Postby ys1rs » Thu Sep 22, 2011 6:34 am

Guys.
Newbie here (Active Ham since 2010).

I have the opportunity, sometimes, to travel to different countries and stay in one country for 2 weeks to 3 months working under emergencies or giving support to that country office.
Was in Colombia for 2 weeks last month and I was wondering that I could have a transceiver with me so I could make some QSO's from that particular country.
Yes. The local permit must be requested and procured in advance.

You may say... just go out and have fun, forget about the radio!.... well nope. Not always possible.
Last country that I visited for a long stay period was Haiti, during the Emergency.

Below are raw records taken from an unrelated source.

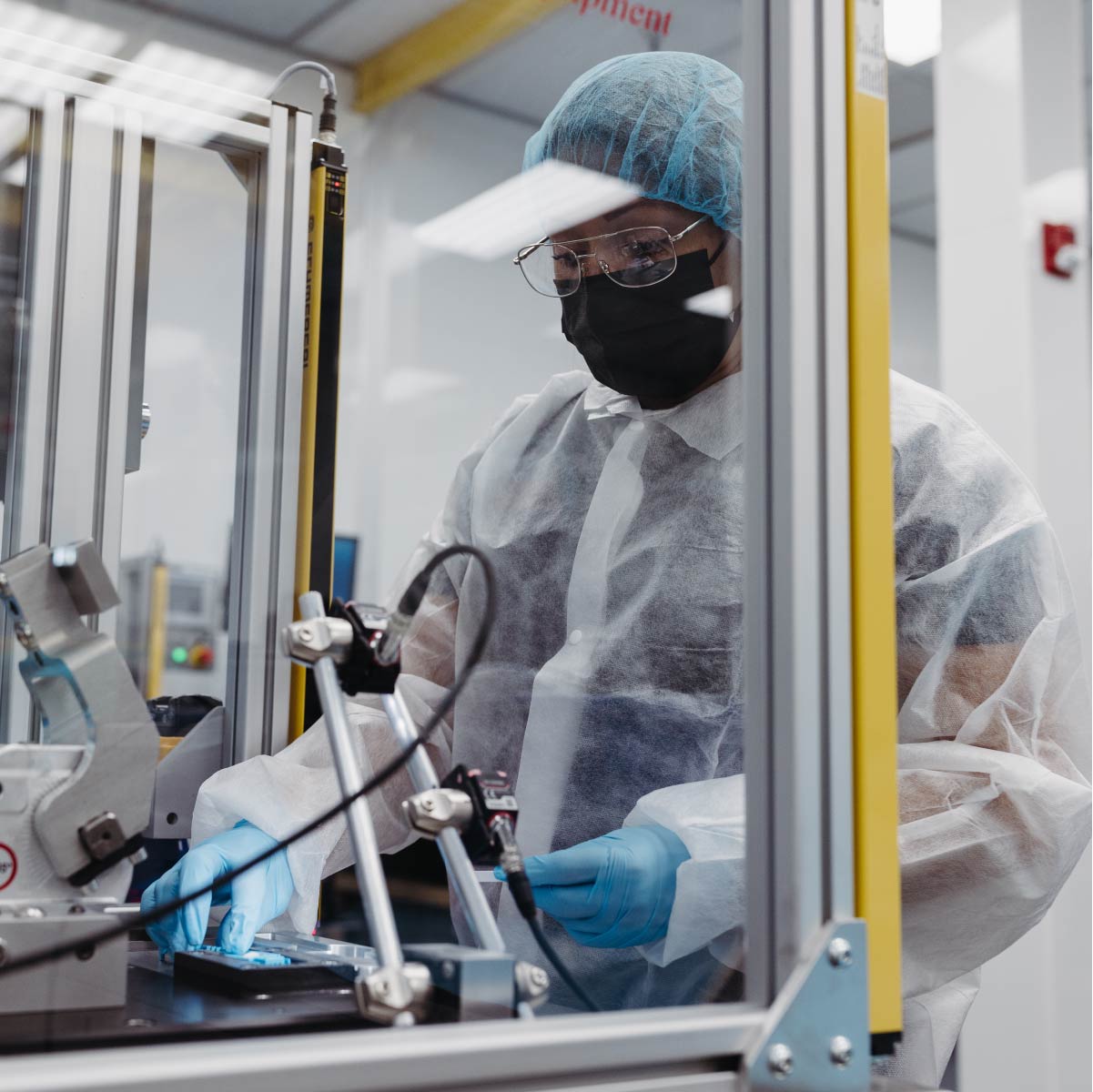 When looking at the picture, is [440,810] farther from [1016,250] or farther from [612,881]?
[1016,250]

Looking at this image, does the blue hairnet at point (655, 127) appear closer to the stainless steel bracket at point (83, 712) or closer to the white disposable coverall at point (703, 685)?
the white disposable coverall at point (703, 685)

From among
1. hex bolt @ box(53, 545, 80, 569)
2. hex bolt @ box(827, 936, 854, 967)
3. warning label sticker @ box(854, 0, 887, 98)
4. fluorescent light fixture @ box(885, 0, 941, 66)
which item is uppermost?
fluorescent light fixture @ box(885, 0, 941, 66)

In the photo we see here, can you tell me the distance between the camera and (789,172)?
0.77 meters

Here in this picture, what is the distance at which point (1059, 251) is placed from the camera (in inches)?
117

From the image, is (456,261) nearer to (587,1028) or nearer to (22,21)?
(22,21)

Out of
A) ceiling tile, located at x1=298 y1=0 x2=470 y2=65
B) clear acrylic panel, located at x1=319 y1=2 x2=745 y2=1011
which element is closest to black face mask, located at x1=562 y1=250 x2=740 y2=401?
clear acrylic panel, located at x1=319 y1=2 x2=745 y2=1011

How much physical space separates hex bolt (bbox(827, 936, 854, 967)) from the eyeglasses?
67 cm

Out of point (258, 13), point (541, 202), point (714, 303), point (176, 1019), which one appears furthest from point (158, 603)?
point (176, 1019)

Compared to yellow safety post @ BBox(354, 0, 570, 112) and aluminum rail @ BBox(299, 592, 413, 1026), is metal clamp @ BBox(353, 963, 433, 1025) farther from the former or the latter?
yellow safety post @ BBox(354, 0, 570, 112)

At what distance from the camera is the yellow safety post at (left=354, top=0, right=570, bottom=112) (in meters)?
1.56

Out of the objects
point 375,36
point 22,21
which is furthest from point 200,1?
point 22,21

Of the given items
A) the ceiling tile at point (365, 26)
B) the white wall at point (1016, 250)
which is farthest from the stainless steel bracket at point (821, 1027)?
the white wall at point (1016, 250)

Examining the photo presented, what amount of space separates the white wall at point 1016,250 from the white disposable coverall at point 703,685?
1784mm

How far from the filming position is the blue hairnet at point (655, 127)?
1146 mm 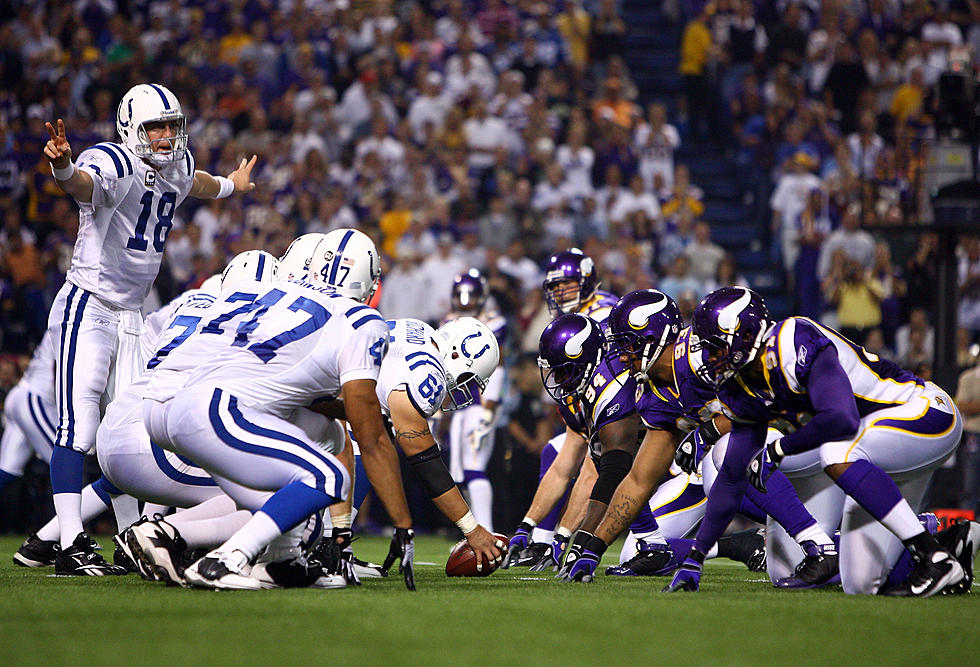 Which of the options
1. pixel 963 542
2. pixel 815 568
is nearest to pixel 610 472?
pixel 815 568

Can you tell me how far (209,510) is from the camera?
6.21m

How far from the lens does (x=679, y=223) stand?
14891mm

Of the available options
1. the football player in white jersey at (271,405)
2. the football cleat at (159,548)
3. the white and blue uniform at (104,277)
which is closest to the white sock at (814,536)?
the football player in white jersey at (271,405)

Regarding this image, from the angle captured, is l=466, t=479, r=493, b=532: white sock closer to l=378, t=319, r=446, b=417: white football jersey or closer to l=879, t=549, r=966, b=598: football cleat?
l=378, t=319, r=446, b=417: white football jersey

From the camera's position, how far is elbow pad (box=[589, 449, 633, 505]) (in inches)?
270

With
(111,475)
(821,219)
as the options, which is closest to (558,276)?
(111,475)

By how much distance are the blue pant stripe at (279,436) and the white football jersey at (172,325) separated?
2.31 feet

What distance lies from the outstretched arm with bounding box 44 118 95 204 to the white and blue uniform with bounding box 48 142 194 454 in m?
0.07

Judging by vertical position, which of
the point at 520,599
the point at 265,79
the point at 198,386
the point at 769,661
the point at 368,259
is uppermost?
the point at 265,79

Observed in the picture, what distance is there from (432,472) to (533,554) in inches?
82.1

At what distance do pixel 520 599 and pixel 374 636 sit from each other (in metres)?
1.42

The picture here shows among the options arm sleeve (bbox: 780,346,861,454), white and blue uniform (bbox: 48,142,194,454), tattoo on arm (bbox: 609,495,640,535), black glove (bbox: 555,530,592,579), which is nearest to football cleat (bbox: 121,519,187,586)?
white and blue uniform (bbox: 48,142,194,454)

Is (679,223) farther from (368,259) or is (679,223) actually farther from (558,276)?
(368,259)

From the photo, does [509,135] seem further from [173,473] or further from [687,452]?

You don't want to go out to have fun under those harsh and dangerous conditions. Not even during the day!!!. Armed escorts were required.

I had my Kenwood TS-690 (bought it on eBay and received it there, in Haiti, while on duty). Made a pair of dipoles and was fun and helped me to release a lot of tensions and stress.
Sleeping in a tent. Working with generators 24/7 and transmitting from inside an International Shipping container that was converted to be my server (I work as ICT) and satellite room was fun. No CW. Phone only. :(

My very first QSO's, in my whole life were made from that island. Fantastic!!! Call sign assigned by the local Telecom authorities was HH2/YS1RS. Big pile ups!

At present, I am learning CW and that is the reason I joined this Club.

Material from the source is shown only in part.